Andy Graham called them into the stable after breakfast.

"Did ye hear the news?" he said.

"What news?" said Mick.

"The news about the weddin'," Andy said. "Didn't Lull tell ye about it? Sure, the whole place is ringin' with it. Poor ould Jimmie Burke an' the wife were near kilt last night. A pack of ruffians stopped the ker at the ould pond, an' ducked both him an' the wife. He was that full a' waiter they had to hould him up by the heels an' let it run out; an' the wife covered with black mud from head to fut."

"Who done it?" said Patsy, looking Andy in the face.

"Who done it, do ye say?" said Andy—"sure, that's what I'd like to know myself. There wasn't wan out a' the village but what was waitin' at the man's own dour when the ker come up, an ne'ery a wan on it but the driver, shoutin' murder, an' when the neighbours went back along the road there was Jimmie an' the wife in the middle a' the pond, and niver a sowl else to be seen."
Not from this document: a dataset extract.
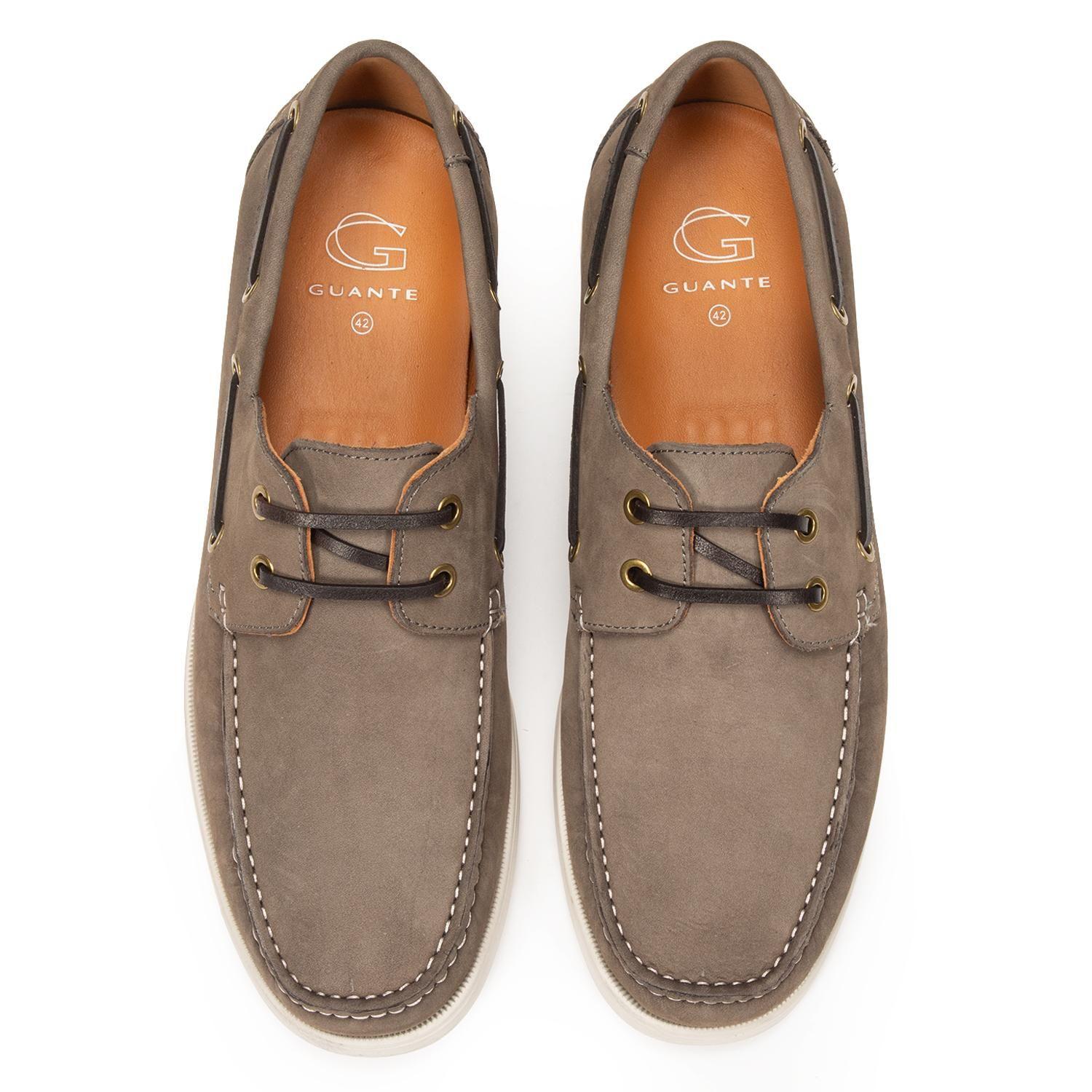Mocasin de cuero hombre Guante gris Llanes-2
Mick laughed. "Ye're the fly ould boy, Andy," he said; "an' I must say ye done it right well, but didn't ye get awful wet when ye were duckin' them?"

Andy stared at him.

"It's all right, Andy; we'll niver name it," said Patsy. "An' I wouldn't 'a' blamed ye if ye'd 'a' drownded the both a' them."
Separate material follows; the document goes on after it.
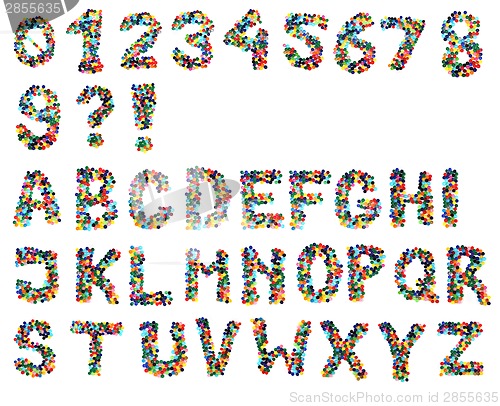 Image of alphabet from plastic caps  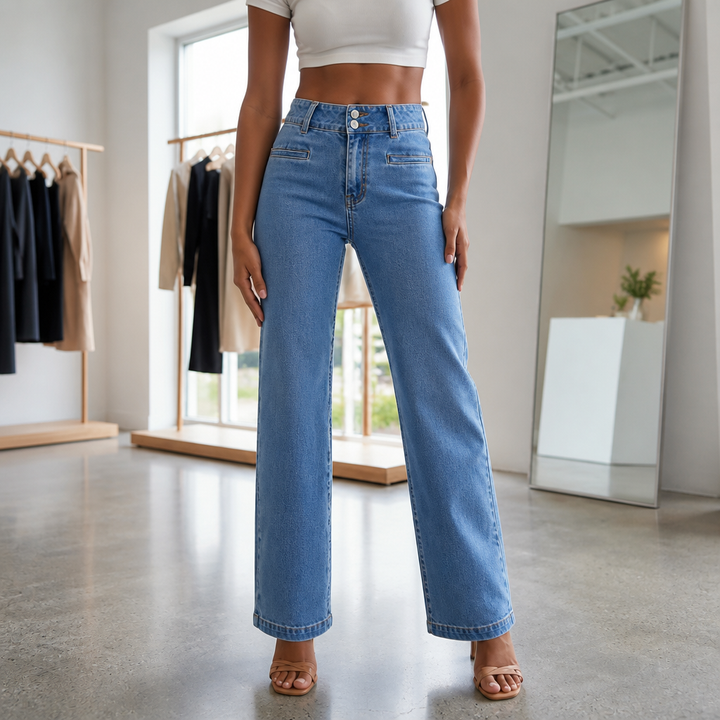 Highline – Double-Button Waistband Wide-Leg Jeans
Andy whistled. "Ye've as much brass as would make a dour knocker," he said. "But, see here, the next time yous are on the war pad don't be lavin' circumstantial evidence behind ye." He brought out from behind the door an old rag doll, soaking wet.

"Och a nee!" wailed Honeybird, "it was me done that. I hadn't the heart to lave her at home," she explained. "She's Bloody Mary, an' I thought she'd enjoy the vengeance."

"I thought I knowed her when I seen her lyin' at the side a' the pond this mornin," said Andy. "An', mind ye, I'm not blamin' ye, an' I'm not sayin' but what Jimmie an' the wife disarved it, but ye'd better keep a quiet tongue in yer heads. There's nobuddy but meself an' Lull knows who done it, and nobuddy'll iver know. It's all very well for a wheen a' neighbours to do the like, but it's no work for quality to be doin'."